# Record of Mar. 28th, 2018

## Facts about Bash/Dash/sh

- Arch Linux uses Bash(Bourne Again Shell) for POSIX shell (/bin/sh)
- When Bash is called with
`sh`

, it tries to emulate the POSIX shell - Dash is POSIX compatible, making it Bash incompatible.

## Facts about of V-Table

In C++, the virtual table pointer is located in the head of the class instance.

The virtual table is a table of pointer to virtual(overridden or not) functions.

Therefore, to invoked these virtual methods, a mechanism called thunk(a jocular form of think) is needed. It means doing something before the actual function is called. And functional language relies largely on this mechanism.

## Fact about Zeromq

- It is a distributed communication library.
- It sits on top of the TCP/IP layer, means the possibility is huge that it sends message by syscalls like
`send`

.

## Facts about lttng

- Means Linux Tracing Tool, next generation
- In Artful repo, for older Ubuntu versions, go to ppa:lttng
- Can be used to trace syscall, or even user application(need to write code into the program)
`babeltrace`

could be used to translate the file.

## Facts about Ubuntu

- The life span of Zesty(17.04) has ended in Jan. 2018. Artful will meets its end in Jul. 2018.
- The life span of non-LTS versions is 9 months.
- 18.04 is called Bionic, will upgrade later

## Facts about Opam

The package manager of OCaml. Not a kind of mineral.

## Facts about type algebra

Refer to this page.

The type could be expressed in an algebra-like manner:

0: None type, there is 0 way to construct an empty type object

1: Singleton

2: Two ways to construct the type, boolean type is an example

$+$: Sum type, the object of type $a+b$ could be either type a or type b, but not both, there are exactly $a+b$ ways to construct the object.
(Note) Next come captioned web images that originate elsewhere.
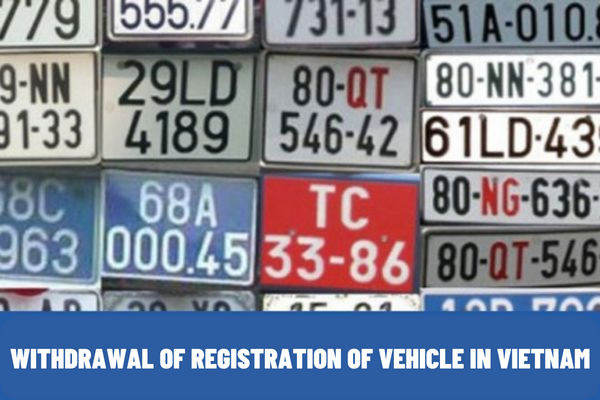 Vietnam: What is the form of the certificate of withdrawal of registration of vehicle with respect to vehicles whose useful life expires?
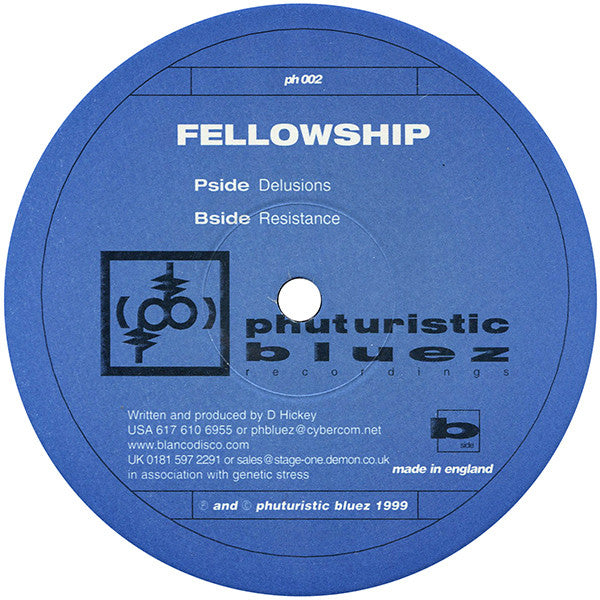 Fellowship : Delusions / Resistance (12")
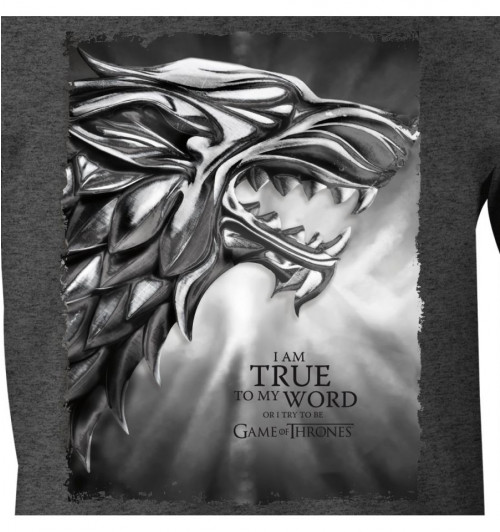Tee-Shirt Game of Thrones gris I am the Sword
Injection is used to construct an instance, if it is called an instance.

$\times$: Product type, the object of type $a\times b$ is a combination of an object of type a and one of type b. OCaml adopts this notation, an constructor applied to type $a\times b$ is written as `Foo of a*b`

.

And as a surprising yet unsurprising coincidence, the sum and product obey the rules:

Communicative: $a+b=b+a$

Associative: $a+(b+c)=(a+b)+c$

Distributive: $a\times(b+c)=a\times b+a\times c$

For recursive types like the tree, which is

data Tree a = Leaf a | Branch (Tree a) (Tree a) |

The formula is:

$T = a + T^2$

Therefore, we have:

$$T^2-T+a=0 $$

$$T = \frac{1-\sqrt{1-4a}}{2}$$ (Why choose the minus sign?)

Use Taylor series, we could obtain:

$$T=1 + a + a^2 + 2 a^3 + 5 a^4 + 14 a^5 + 42 a^6 \cdots$$

And the coefficients of a are Catalan numbers.

Zippers means we could turn the pocket inside out and focus on one element in a data structure, in a way that updating the focused element , as well as moving the focus around, takes $O(1)$ time.

And we can focus on the holes of a type.

$a\times b$ has one hole of a

$a+a$ has two holes of a, that is `data _, a`

and `data a, _`

It is likened to partial differentiation, for example:

$$\frac{\partial (u \times v)}{\partial a} = \frac{\partial u}{\partial a} \times v + \frac{\partial v}{\partial a} \times u$$

If $\frac{\partial t}{\partial a}$ means the hole numbers of a in t, and let the g of constant be zero, and g of other variables be one, then magic!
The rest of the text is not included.